-- GIVEN RECORDS follows --

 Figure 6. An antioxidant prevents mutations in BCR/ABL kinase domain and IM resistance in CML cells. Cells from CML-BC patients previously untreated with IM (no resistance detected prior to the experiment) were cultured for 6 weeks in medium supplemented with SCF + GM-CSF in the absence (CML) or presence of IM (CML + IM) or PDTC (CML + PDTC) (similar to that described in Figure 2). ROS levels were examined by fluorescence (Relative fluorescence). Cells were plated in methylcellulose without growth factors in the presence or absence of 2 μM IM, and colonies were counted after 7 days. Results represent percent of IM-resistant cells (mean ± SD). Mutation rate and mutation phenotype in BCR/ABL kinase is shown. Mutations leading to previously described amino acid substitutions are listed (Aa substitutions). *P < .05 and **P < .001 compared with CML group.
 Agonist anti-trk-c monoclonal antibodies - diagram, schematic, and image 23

-- GIVEN RECORDS concluded --
-- GIVEN RECORDS follows --

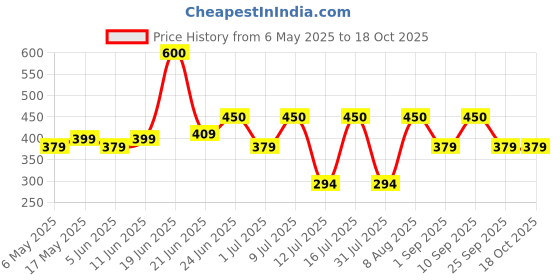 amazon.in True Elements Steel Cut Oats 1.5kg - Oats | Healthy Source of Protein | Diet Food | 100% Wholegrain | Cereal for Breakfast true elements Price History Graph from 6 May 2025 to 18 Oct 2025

-- GIVEN RECORDS concluded --
-- GIVEN RECORDS follows --

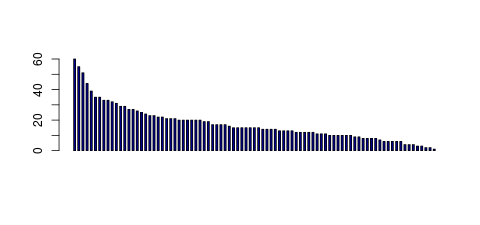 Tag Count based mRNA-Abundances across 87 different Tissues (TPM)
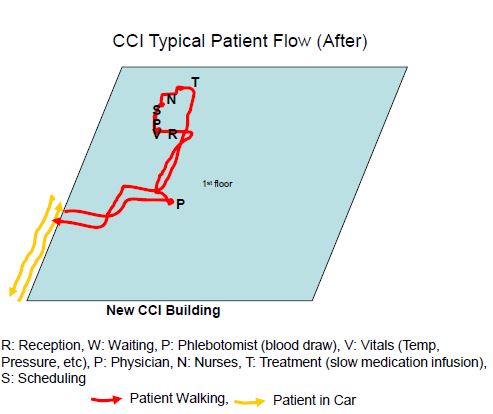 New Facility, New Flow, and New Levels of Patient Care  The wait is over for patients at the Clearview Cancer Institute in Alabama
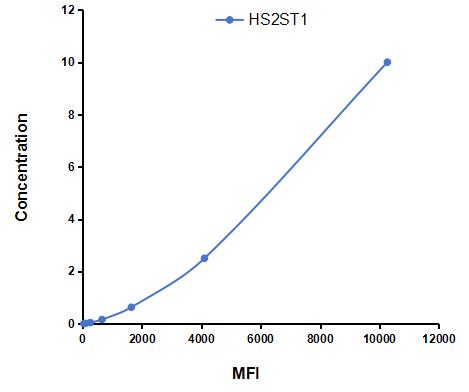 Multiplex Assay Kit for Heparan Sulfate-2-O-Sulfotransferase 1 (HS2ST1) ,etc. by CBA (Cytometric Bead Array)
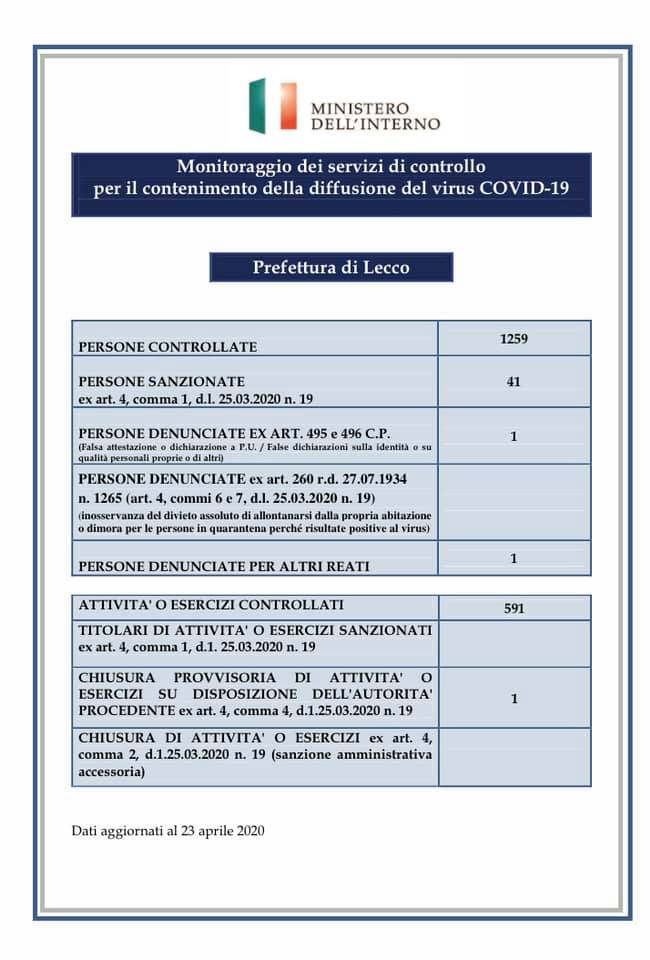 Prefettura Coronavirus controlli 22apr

-- GIVEN RECORDS concluded --

THE TASK. What is needed is an exact copy of the lines above, from the one containing "Figure 6. An" through the one containing "Agonist anti-trk-c monoclonal", with nothing added.

ANSWER SPACE.
 Figure 6. An antioxidant prevents mutations in BCR/ABL kinase domain and IM resistance in CML cells. Cells from CML-BC patients previously untreated with IM (no resistance detected prior to the experiment) were cultured for 6 weeks in medium supplemented with SCF + GM-CSF in the absence (CML) or presence of IM (CML + IM) or PDTC (CML + PDTC) (similar to that described in Figure 2). ROS levels were examined by fluorescence (Relative fluorescence). Cells were plated in methylcellulose without growth factors in the presence or absence of 2 μM IM, and colonies were counted after 7 days. Results represent percent of IM-resistant cells (mean ± SD). Mutation rate and mutation phenotype in BCR/ABL kinase is shown. Mutations leading to previously described amino acid substitutions are listed (Aa substitutions). *P < .05 and **P < .001 compared with CML group.
 Agonist anti-trk-c monoclonal antibodies - diagram, schematic, and image 23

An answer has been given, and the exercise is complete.